Character Classes

The matching operator, m/  /, does not only accept string literals but also character classes. Character classes are groups of characters that share certain syntactic traits. (Syntactic refers here to programming languages.) There are three predefined classes:

NAME NOTATION CHARACTERS NEGATION
digits   \d 0-9   \D
word characters   \w a-z, A-Z, 0-9, _ (underscore)   \W
whitespace characters   \s space, tab, newline, return, formfeed   \S

Negation means the logical opposite: \w refers to all word characters, and \W refers to all non-word characters (which includes punctuation marks and similar characters).

To test whether a string contains any printable characters, you could check if it contains any non-whitespace characters:

if ($myString =~ m/\S/) 
{
     ... do something ...
}

This, incidentally, is be equivalent to

if ($myString !~ m/\s/)
{
     ... do something ...
}

Which one to use is a matter of choice. There's always more than one way to do it...

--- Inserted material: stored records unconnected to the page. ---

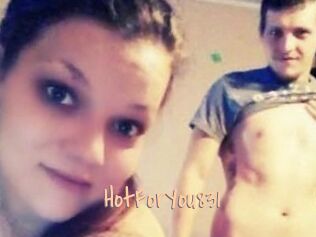 HotForYou831
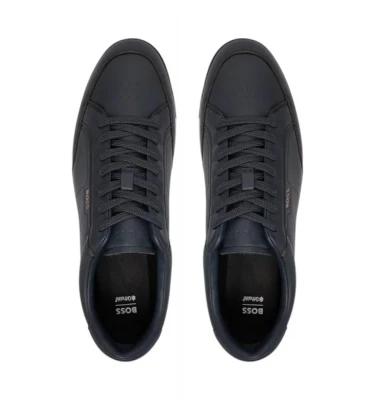 Кеды Boss Nitan 3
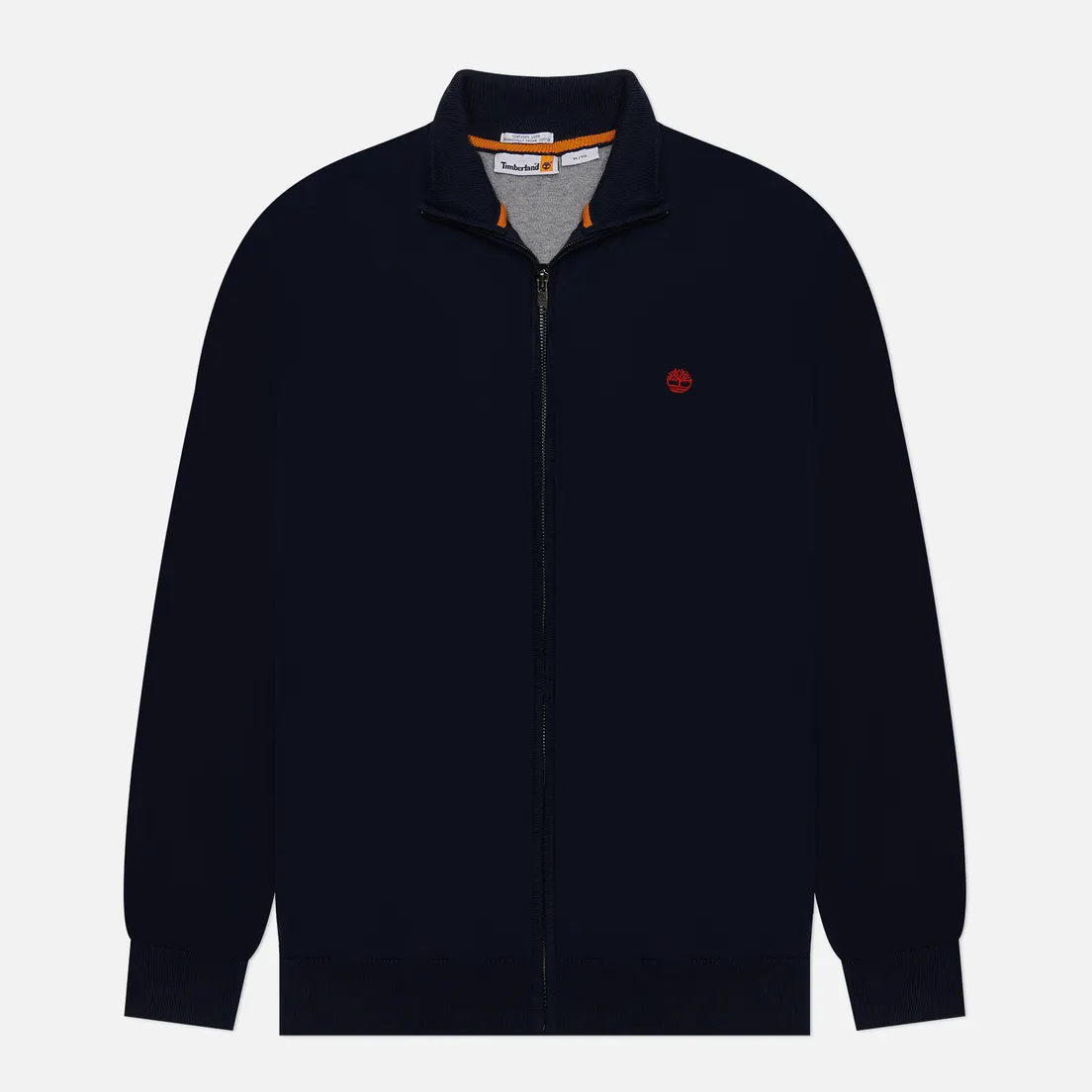 Timberland Мужской свитер Williams River Full Zip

"Custom" Character Classes

Perl also lets you define character classes. A typical instance is if you want to change a word with variant spellings. Character classes are defined in square brackets [ . . . ]; any character given within the brackets is part of the class.

The following expression substitutes 'grey' or 'gray' with 'pink':

s/gr[ea]y/pink/g;

Consecutive characters can be expressed as ranges:

a-z ==> any lowercase letter
A-Z ==> any uppercase letter
0-9 ==> any digit

$line =~ m/[1-4]/;

The previous expression returns true if $line contains at least one 1, 2, 3, or 4.

Negation in character classes is expressed by a caret, ^.

$line =~ m/[^1-4]/;

This expression returns true if $line contains at least one character that is not a 1, 2, 3, or 4.

Note: The caret is also used as an anchor that symbolizes the beginning of a line.

$line =~ m/^[1-4]/;

The meaning of this expression is very different: it returns true if $line starts with a 1, 2, 3, or 4.